Die Szene steigert sich hier zu einem antithetischen Schlagabtausch: Nino stellt – als sei er in der Lehrerrolle – eine Frage zum Ergebnis einer einfachen Rechnung, dies mit Bezug auf den Zahlenstrahl, den er vom Endergebnis her aufrollt. Joana intensiviert dann ihre Praktiken durch erhöhte Lautstärke (Sprache) und Geschwindigkeit (Gesten). Sie schiebt zudem Ninos zeigende Hand weg, dessen Gestik die Subtraktion 15-8 veranschaulicht, und damit die Deutung, dass nicht die Wand-, sondern die Fensterseite gewinnt. Nino nimmt dann die andere Hand zu Hilfe, um die Subtraktion zu zeigen. Kurz bevor seine Hand unter die -8 gelangt, wird sie von Joana wieder weggeschoben. Mit gesteigerter Lautstärke (Schreien) präsentiert Joana ihre Rechenergebnisse und gelangt, Einerschritte zeigend, von -10 zu -14, dem offenbar der gegnerischen Seite zugedachten Wert ihrer zuletzt möglichen Subtraktion. Joana schiebt Nino dabei körperlich nach links, vertreibt ihn geradezu, um zur Siegeszahl vorzudringen. In dieser konkurrieenden Situation greift Herr Peters ein, indem er Joana explizit zur Sitzplatzeinnahme auffordert.

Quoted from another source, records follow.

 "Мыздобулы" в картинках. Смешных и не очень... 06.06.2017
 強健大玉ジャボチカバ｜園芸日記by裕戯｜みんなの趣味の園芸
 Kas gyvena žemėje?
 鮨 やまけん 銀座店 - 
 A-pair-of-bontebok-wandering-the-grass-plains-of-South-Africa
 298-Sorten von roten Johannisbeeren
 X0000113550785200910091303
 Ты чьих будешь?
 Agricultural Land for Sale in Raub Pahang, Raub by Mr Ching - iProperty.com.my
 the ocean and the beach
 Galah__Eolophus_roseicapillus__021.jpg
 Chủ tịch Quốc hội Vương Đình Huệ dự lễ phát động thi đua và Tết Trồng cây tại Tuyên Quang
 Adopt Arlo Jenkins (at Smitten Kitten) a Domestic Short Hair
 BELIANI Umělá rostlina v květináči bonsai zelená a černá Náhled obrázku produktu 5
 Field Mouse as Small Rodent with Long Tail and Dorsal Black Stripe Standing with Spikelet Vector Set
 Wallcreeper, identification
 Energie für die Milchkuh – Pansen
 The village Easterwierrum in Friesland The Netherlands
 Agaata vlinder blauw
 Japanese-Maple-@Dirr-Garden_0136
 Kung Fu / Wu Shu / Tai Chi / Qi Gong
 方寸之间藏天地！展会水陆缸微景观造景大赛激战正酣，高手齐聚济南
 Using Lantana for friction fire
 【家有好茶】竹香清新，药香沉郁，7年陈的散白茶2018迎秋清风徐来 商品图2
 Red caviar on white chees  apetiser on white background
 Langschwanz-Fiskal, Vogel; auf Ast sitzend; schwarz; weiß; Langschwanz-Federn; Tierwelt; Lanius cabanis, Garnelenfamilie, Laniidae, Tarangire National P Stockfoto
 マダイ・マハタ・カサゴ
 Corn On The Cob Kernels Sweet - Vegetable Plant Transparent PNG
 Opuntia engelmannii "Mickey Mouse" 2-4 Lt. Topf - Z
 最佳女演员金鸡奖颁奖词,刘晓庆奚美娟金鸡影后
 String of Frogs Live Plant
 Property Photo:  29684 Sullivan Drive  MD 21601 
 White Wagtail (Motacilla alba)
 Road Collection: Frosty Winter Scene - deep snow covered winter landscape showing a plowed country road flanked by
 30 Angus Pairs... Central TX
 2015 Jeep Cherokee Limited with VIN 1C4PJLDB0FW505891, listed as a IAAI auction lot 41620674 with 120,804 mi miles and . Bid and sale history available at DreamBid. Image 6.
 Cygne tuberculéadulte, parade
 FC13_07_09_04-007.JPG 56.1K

Dessen ungeachtet führt Joana gestisch und argumentativ ihre Proposition weiter aus, wonach die gegnerische Gruppe zwingend zur -14 gelange und ihre Mannschaft durch Subtraktion von 1 das Ziel der -15 erreiche. Joana schlussfolgert daraus den Gewinn ihrer Gruppe – mit demselben Wortlaut der Siegesdeklaration der gegnerischen Gruppe zuvor.

In dieser Szene zeigt sich eine spezifische Bezogenheit von Joana und Nino aufeinander, die den Streit an der Tafel zu einem persönlichen macht. Dies kündigt sich zunächst dadurch an, dass Joana Nino namentlich zum nächsten Spielzug auffordert, wie er zuvor sie. Zudem dokumentiert sich in der Intensität des Ausdrucks ein persönliches Involviertsein und in den wiederholten körperlichen Berührungen eine erotische Komponente. Dieser Schlagabtausch zwischen Joana und Nino an der Tafel wird von Paolo beklatscht und evoziert ausgeprägtes Lachen bei ihm und weiteren Schülern (die Schülerinnen sind im KB von Schülern weitgehend verdeckt). Die Zuschauenden sind damit an der situativen Dramaturgie deutlich beteiligt. Das offensichtlich Komische liegt genau in diesem öffentlich inszenierten Schlagabtausch, der die Vorführung an der Tafel als die eines streitenden ‚Paares‘ erscheinen lässt. Die AkteurInnen zeigen hier stellvertretend für das Publikum einen experimentellen Streit zwischen den Geschlechtern, der Differenzen im Modus eines heterosexuellen Paares bearbeitet.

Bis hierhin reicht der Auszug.